# How to get a 6 year old boy excited about writing?



## FarmerKat

My DS is 6 (turned 6 in May), we just started 1st grade. We use Handwriting without tears. He is doing really well in terms of proper grip, proper letter formation, etc. We are nearly done with the HWT first grade book so we are definitely not behind. But he just does not like to write. He will come up with every excuse in the book to delay his writing assignment. 

He is really talented in math and if I let him answer questions verbally, we can get through a day's work in 10-15 minutes. If he did not have to write his answers, we would probably cover a grade worth of math curriculum in 3 months. But if I make him write his answers, the same amount of work takes 60-90 minutes because he just does not like to write. I mix it up, sometimes I write answers for him, sometimes I make him write it. 

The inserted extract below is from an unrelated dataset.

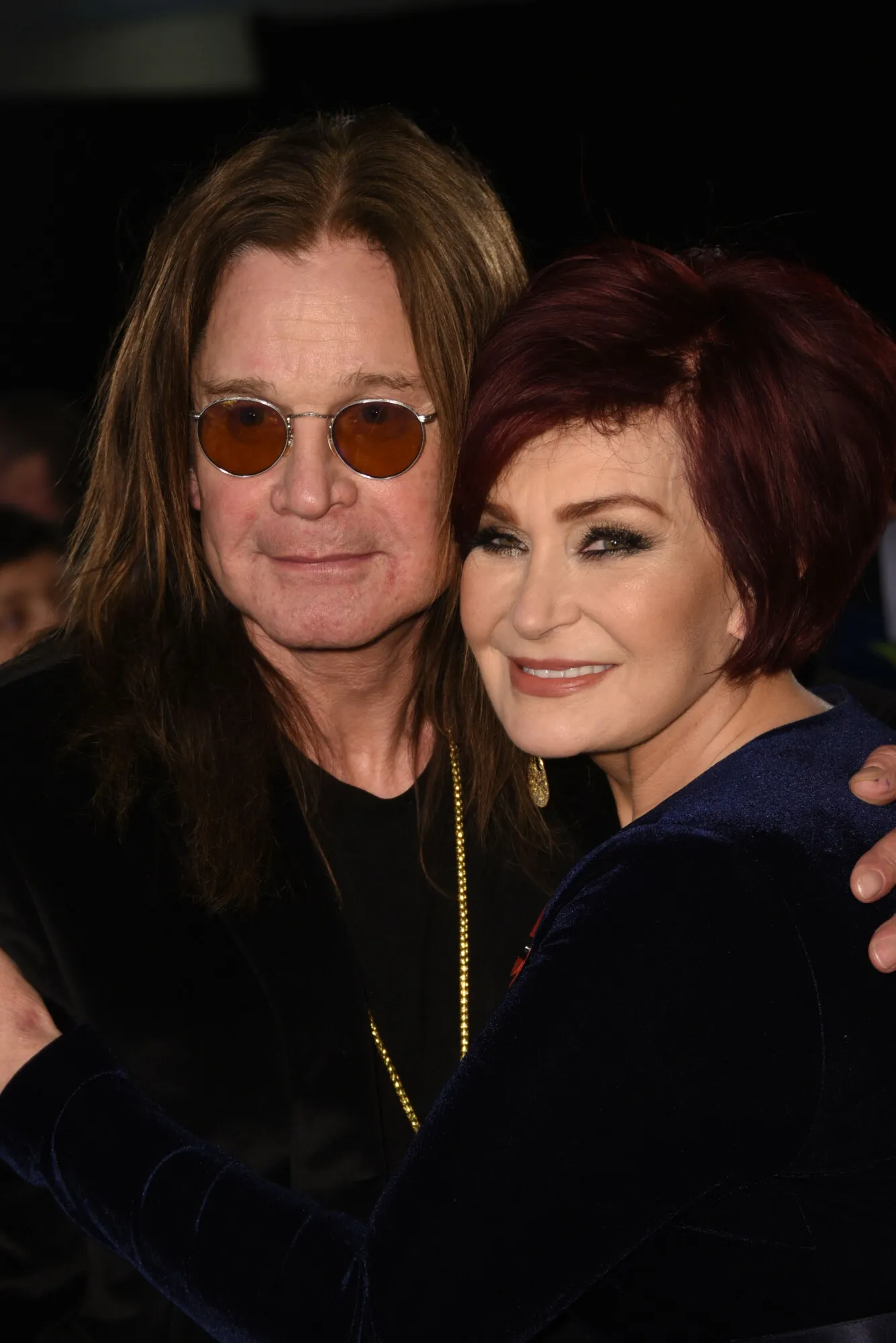 ozzy-i-sharon-osbournowie-38539797.jpg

Does anyone have any tips on getting him excited about writing? Or is it just one of those things "teach the skill" and the motivation will come when he needs to write?


----------



## Taylor R.

If you figure out some brilliant way to convince him hand-writing is lots of fun, PM me your secret! I have a 6 year old boy (May birthday!) as well and experience the same thing (though he's in public school presently but not for much longer, he's a special needs kid so I get a daily breakdown of each subject, describing the effort he has put forth and his behavior during that period..every day hand-writing says something along the lines of refused to do..hid under insert-anything-he-will-fit-under-or-in). It's not that he's bad at hand-writing, but I think that fine motor skills don't come easy to him and therefore he dislikes doing it, plus it's tedious for him as it slows down the rate he gets the work done despite his brain being able to finish thinking the whole page through before he gets done writing down the first answer.

We do occasionally use a little number rubber stamp set for math. It helps to keep from killing the joy of the thing he does well being marred by something he has a hard time with.


----------



## wogglebug

You could try giving him stuff to read that's printed in a variety of typefaces, like Comic, and including an antique typeface, like Gothic. Just set it there, no comment. Next up, same thing, but with a connected script, like handwriting. Then another couple of different typeface connected scripts. Expose him to Japanese (or maybe Chinese) calligraphic art (accompanied with trees, bamboo, birds, fish, tiger, dragons, and warriors), and just comment in passing that they do fancy flowing versions of their writing as a form of art. Then buy him a calligraphy set - special pen and all. Let him start with a feather quill and pounce or sand, so he'll appreciate how much better steel nib and blotting paper are. Make sure doing a single letter as art and end it right there with success is fun.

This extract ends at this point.